● SUPPLIED RECORDS
------------------------------------

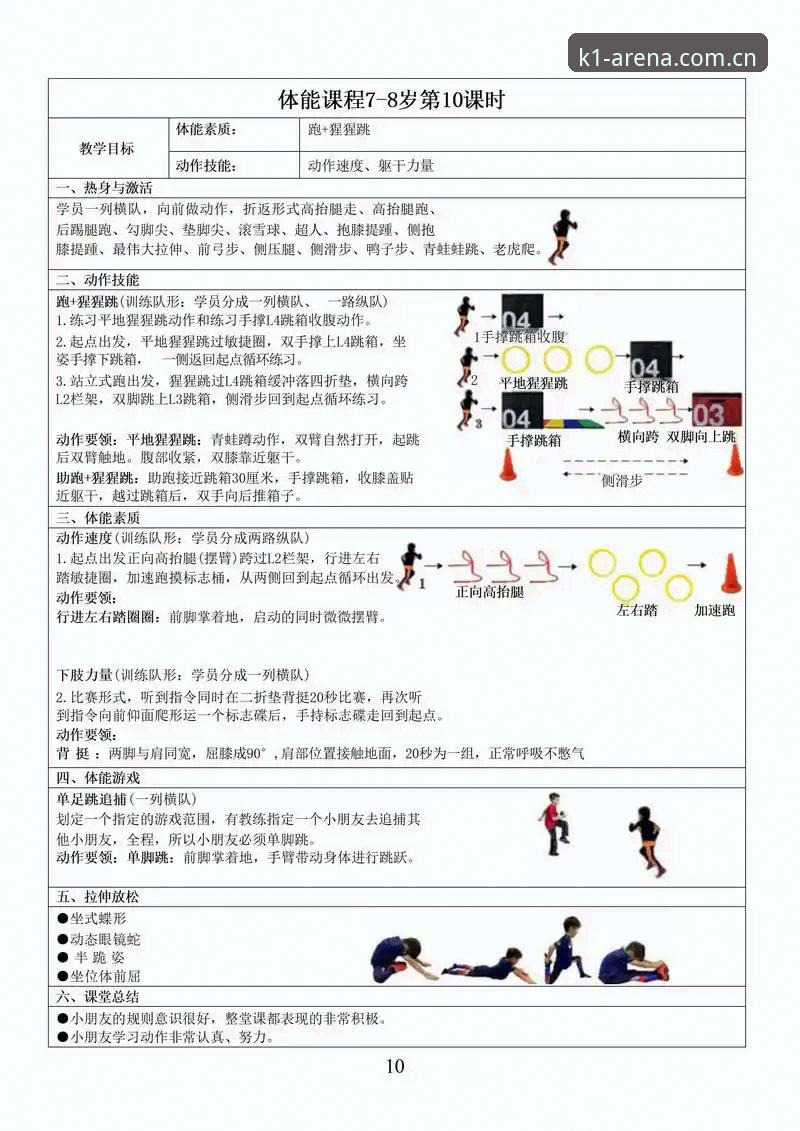 K1体育平台实用指南：从新手到达人的必备知识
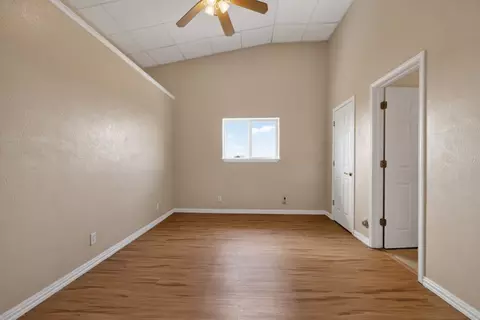 Other - 8804 Williamson Rd, Kyle, TX 78640 photo 18 of 24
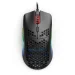 Glorious Model O Minus Gaming Mouse, Gaming Mouse, 2000850005352075 02 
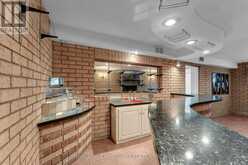 14 BAKER STREET | Kingston Ontario | Slide Image Thirty-nine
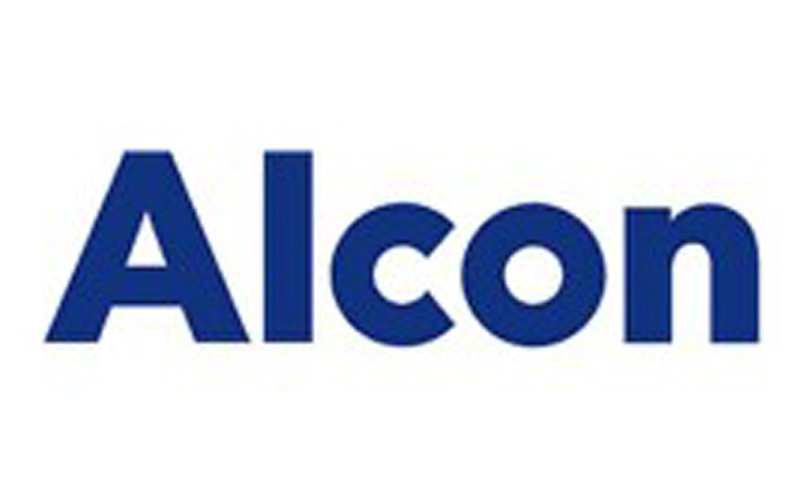 Alcon Announces New Leaders in Asia Pacific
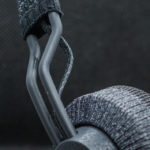 Adidas RPT-01 швы
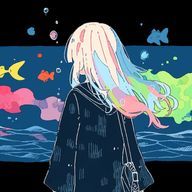 すずかさんのアイコン画像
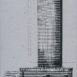 ponte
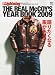 別冊ライトニング56THE REAL McCOY'S YEAR BOOK 2009( ザ・リアルマッコイズ イヤーブック2009) (エイムック 1616 別冊Lightning vol. 56)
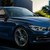 BMW 320i, BMW series 3, BMW Đà Nẵng, Giá xe BMW 320i 2017, BMW 320i giá rẻ nhất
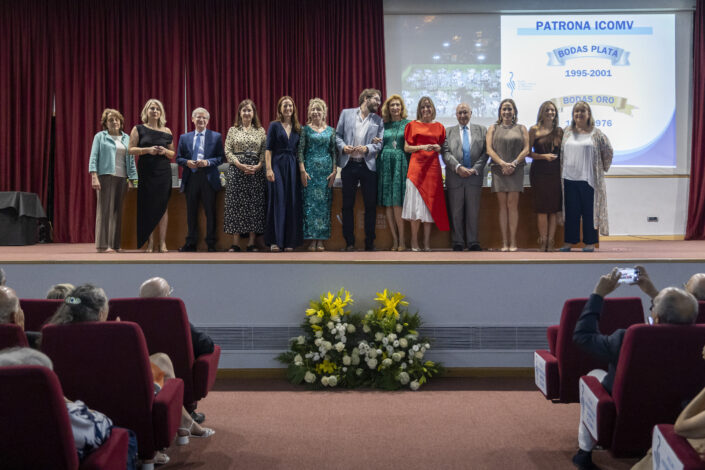 081_Patrona26_ICOMEVA
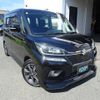 suzuki solio-bandit 2019 CFJ1788935 image 1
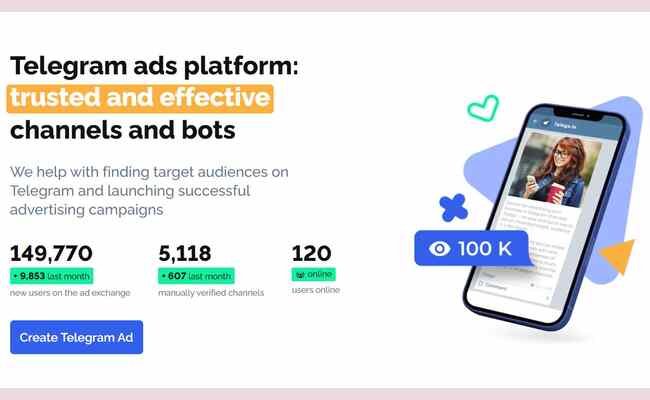 Elevate Your Telegram Advertising with TON Payments via Telega.io Elevate Your Telegram Advertising with TON Payments via Telega.io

------------------------------------

Leave out all pictures and retype precisely the lines that run from the line containing "081_Patrona26_ICOMEVA" to the last line of the records.

 081_Patrona26_ICOMEVA
 suzuki solio-bandit 2019 CFJ1788935 image 1
 Elevate Your Telegram Advertising with TON Payments via Telega.io Elevate Your Telegram Advertising with TON Payments via Telega.io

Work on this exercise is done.